[Provided records Boundary: Start]
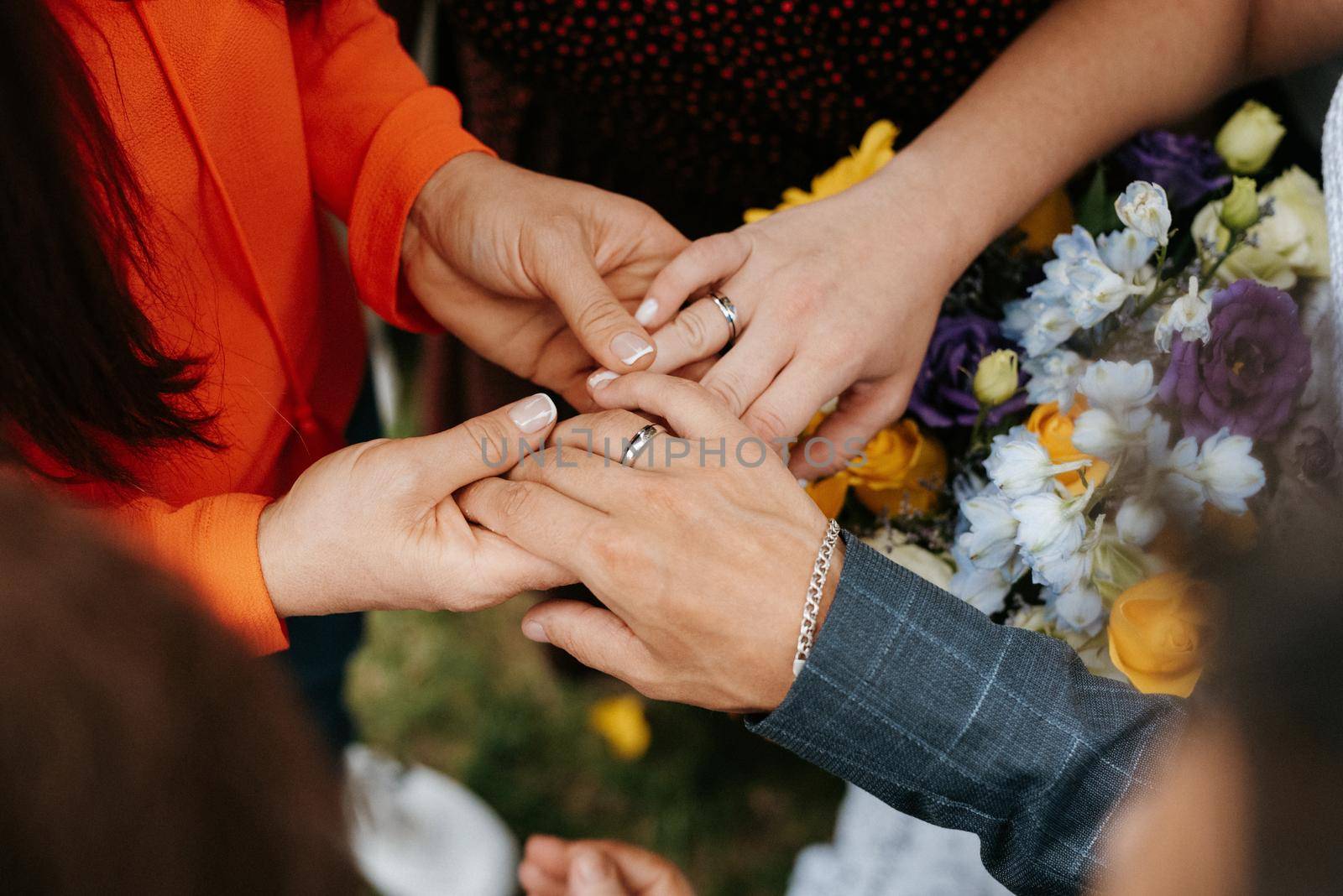 the bride and groom tenderly hold hands between them love and relationships by Andreua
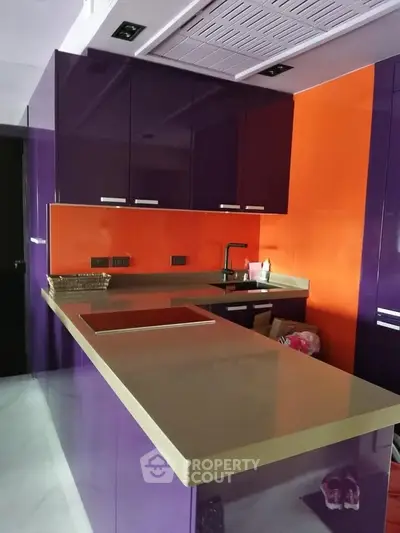 Modern kitchen with vibrant purple and orange cabinets and sleek countertops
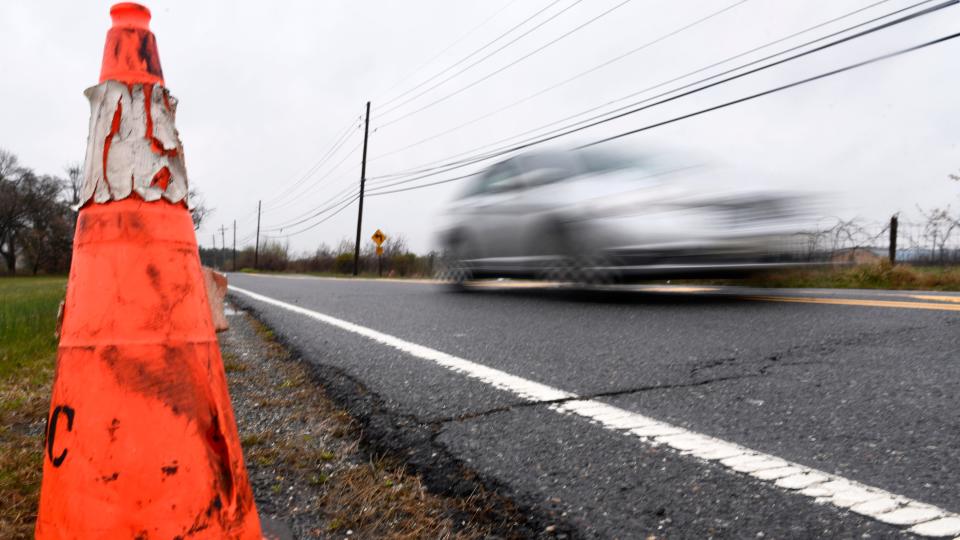 A car travels along Irick Road in Westampton Township. Repaving started recently on a portion of the road. PHOTO: March 28, 2024.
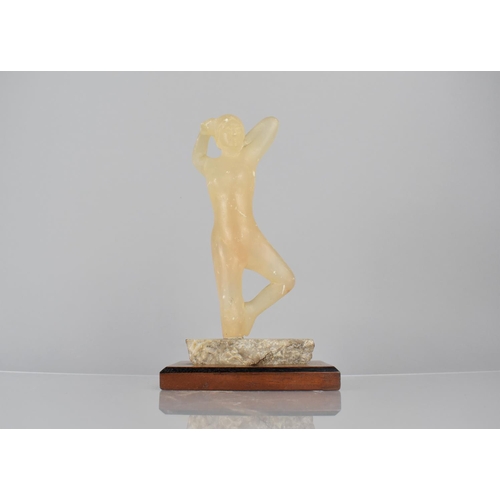 75 - An Early 20th Century Carved Calcite Figure of a Female Nude, Mounted on Mahogany Plinth, 25cms High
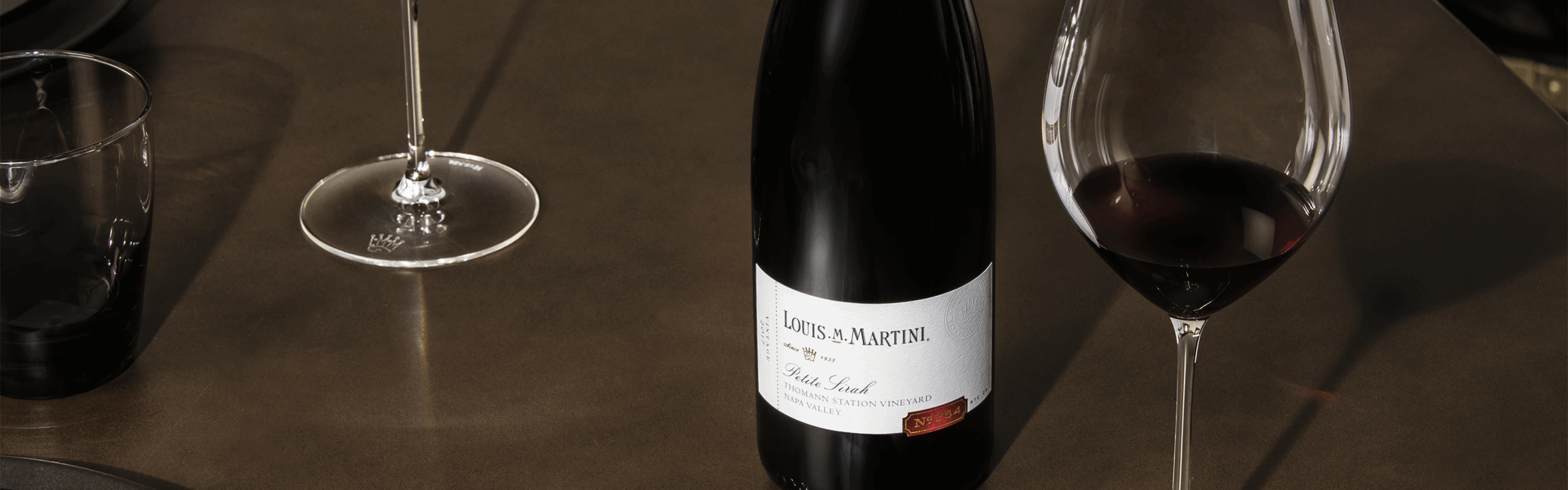 wine bottle on table with wine glasses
[Provided records Boundary: End]
### Task description
Everything from the line with "75 - An Early" through the final line of the records above should be written out exactly, minus the pictures.

### Written reply
 75 - An Early 20th Century Carved Calcite Figure of a Female Nude, Mounted on Mahogany Plinth, 25cms High
 wine bottle on table with wine glasses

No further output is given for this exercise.